* **Directions**
Report every line below that holds the word "with".

* **Source material**
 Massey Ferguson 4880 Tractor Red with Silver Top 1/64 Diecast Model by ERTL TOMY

* * *

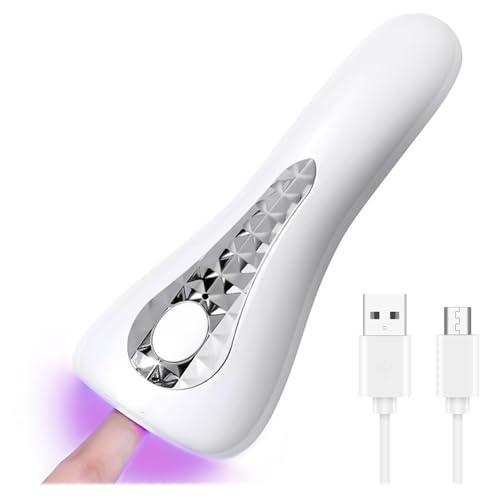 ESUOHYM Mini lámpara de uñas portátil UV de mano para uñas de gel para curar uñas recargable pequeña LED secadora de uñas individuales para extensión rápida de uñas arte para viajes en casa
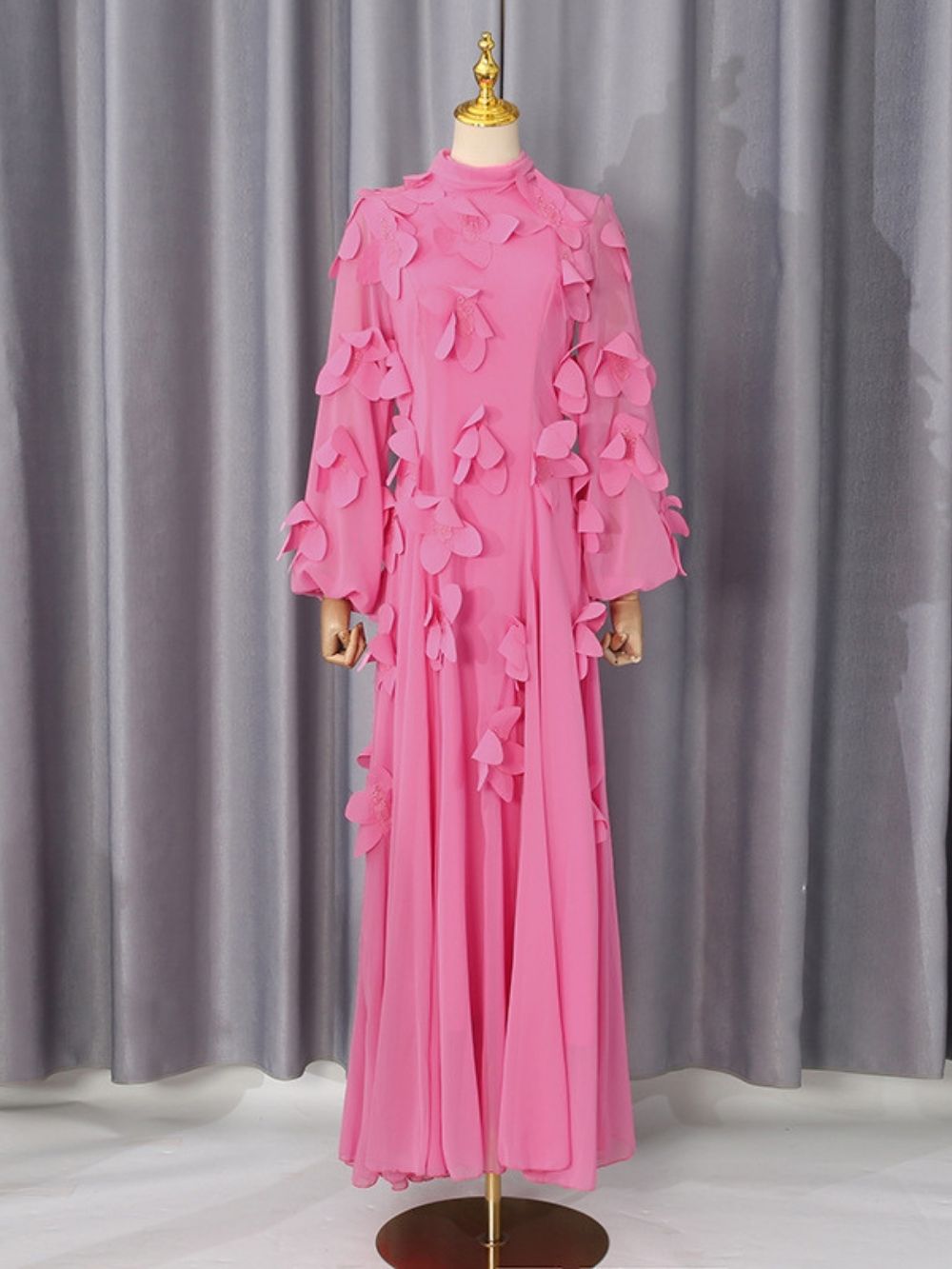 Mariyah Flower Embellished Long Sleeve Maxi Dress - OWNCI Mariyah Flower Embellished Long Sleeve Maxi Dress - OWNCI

* * *

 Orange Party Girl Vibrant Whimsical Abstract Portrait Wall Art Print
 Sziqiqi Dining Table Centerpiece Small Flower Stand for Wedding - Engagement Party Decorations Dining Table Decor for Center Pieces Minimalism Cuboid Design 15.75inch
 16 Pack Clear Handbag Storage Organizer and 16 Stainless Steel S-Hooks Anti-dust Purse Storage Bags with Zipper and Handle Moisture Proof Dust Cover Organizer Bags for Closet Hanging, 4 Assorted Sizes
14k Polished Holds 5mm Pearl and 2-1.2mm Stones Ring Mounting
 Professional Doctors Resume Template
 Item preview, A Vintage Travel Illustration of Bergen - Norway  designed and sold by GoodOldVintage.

* **Answer section**
 Massey Ferguson 4880 Tractor Red with Silver Top 1/64 Diecast Model by ERTL TOMY
 16 Pack Clear Handbag Storage Organizer and 16 Stainless Steel S-Hooks Anti-dust Purse Storage Bags with Zipper and Handle Moisture Proof Dust Cover Organizer Bags for Closet Hanging, 4 Assorted Sizes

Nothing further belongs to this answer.